▸ **Work item**: Your copy should hold only the lines from the one with "バーマン猫ウリとガブとミカと" to the one with "盆栽鉢 青香 小鉢 長辺 約9.8cm 楕円鉢 泥物 k1198409072", both included, each exactly as it stands below, with no pictures.

▸ **Exercise input**:

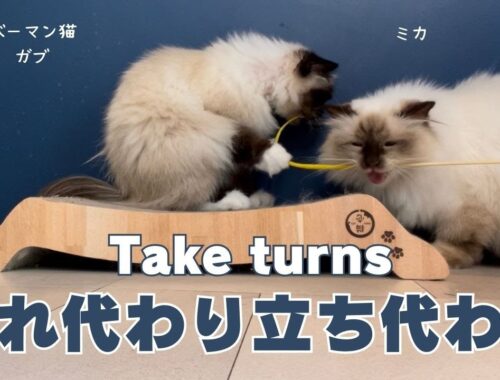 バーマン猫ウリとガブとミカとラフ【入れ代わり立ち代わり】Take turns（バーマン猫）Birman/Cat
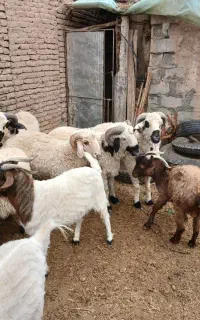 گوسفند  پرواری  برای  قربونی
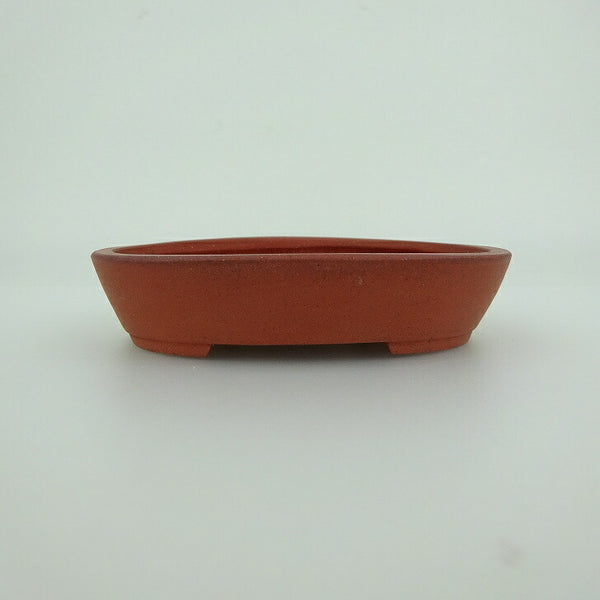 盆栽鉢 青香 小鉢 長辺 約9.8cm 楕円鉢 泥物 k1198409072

...

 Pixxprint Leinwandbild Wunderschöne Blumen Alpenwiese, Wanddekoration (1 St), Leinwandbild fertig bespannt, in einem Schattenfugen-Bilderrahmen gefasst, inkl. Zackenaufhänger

▸ **Response area**:
 バーマン猫ウリとガブとミカとラフ【入れ代わり立ち代わり】Take turns（バーマン猫）Birman/Cat
 گوسفند  پرواری  برای  قربونی
 盆栽鉢 青香 小鉢 長辺 約9.8cm 楕円鉢 泥物 k1198409072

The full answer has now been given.